Dalam teori Freud, konflik antara id, ego, dan superego memainkan peran besar dalam fenomena ini. Id mendorong seseorang untuk mempercayai orang lain dengan harapan memperoleh kesenangan atau penerimaan, sedangkan ego berusaha menyesuaikan diri dengan kenyataan. Ketika kenyataan menunjukkan bahwa seseorang telah dibodohi, ego merasakan kecemasan atau tekanan yang berat. Superego, bagian dari diri yang mengatur moral dan norma, muncul dengan perasaan bersalah atau marah pada diri sendiri, yang bisa mengarah pada rasa malu.Â
Mekanisme Pertahanan Freud dalam Perselingkuhan
Freud juga menjelaskan bahwa perselingkuhan bisa terjadi sebagai akibat dari berbagai mekanisme pertahanan ego yang digunakan individu untuk mengatasi tekanan psikologis. Berikut adalah beberapa mekanisme yang dapat menjelaskan fenomena perselingkuhan:
Perselingkuhan sering kali dipahami dengan menggunakan mekanisme pertahanan seperti rasionalisasi atau penolakan. Banyak individu yang mencari alasan untuk membenarkan perilaku mereka, misalnya, dengan mengatakan, "Saya selingkuh karena pasangan saya tidak perhatian lagi." Ini adalah contoh rasionalisasi, di mana seseorang mencoba membenarkan perilaku buruk dengan alasan yang tampaknya masuk akal, meskipun pada kenyataannya, perilaku tersebut bertentangan dengan norma moral.
Selain itu, ada pula mekanisme represi, di mana dorongan untuk berselingkuh ditekan ke alam bawah sadar, namun tetap muncul dalam bentuk tindakan yang tidak disadari. Ketika seseorang menekan dorongan negatif dalam dirinya, itu bisa berujung pada perilaku yang akhirnya melukai dirinya atau orang lain. Namun ada juga :
- Denial: Individu menolak mengakui bahwa mereka telah berselingkuh, bahkan pada diri mereka sendiri. "Saya tidak berselingkuh, saya hanya berteman dekat" adalah contoh penyangkalan yang berfungsi untuk melindungi ego dari rasa bersalah.
- Displacement (Pengalihan): Dorongan seksual atau agresif dialihkan kepada orang lain, misalnya, seseorang yang kecewa dengan pasangannya mengalihkan perasaannya ke orang lain melalui perselingkuhan.
- Projection (Proyeksi): Seseorang mungkin menuduh pasangannya berselingkuh, padahal dirinya sendiri yang sebenarnya memiliki keinginan atau telah berselingkuh.
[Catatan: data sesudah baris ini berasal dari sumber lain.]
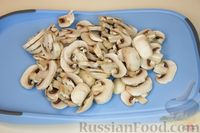 Фото приготовления рецепта: Жареная картошка с грибами и луком - шаг №2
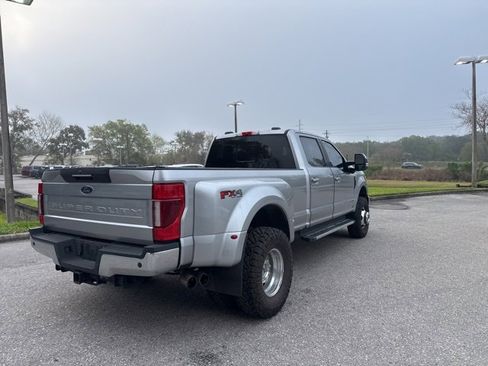 Used 2022 Ford F350 Lariat w/ Lariat Ultimate Package image 5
- Sublimasi: Dorongan seksual diarahkan ke bentuk perilaku yang lebih diterima secara sosial. Namun, dalam kasus perselingkuhan, sublimasi sering gagal dilakukan dan malah menyebabkan perilaku tidak sehat.
Dampak Selingkuh dalam Keluarga dan Anak-anak
Selingkuh dan perceraian tidak hanya mempengaruhi pasangan, tetapi juga berimbas pada anak-anak. Dari sudut pandang Freud, keluarga yang tidak harmonis atau "broken home" memiliki dampak besar pada perkembangan psikologis anak. Anak-anak yang tumbuh dalam keluarga yang berantakan cenderung mengalami kesulitan dalam membentuk kepribadian yang sehat. Mereka bisa mengalami gangguan emosional, rasa kesepian, atau bahkan membenci orang tua mereka.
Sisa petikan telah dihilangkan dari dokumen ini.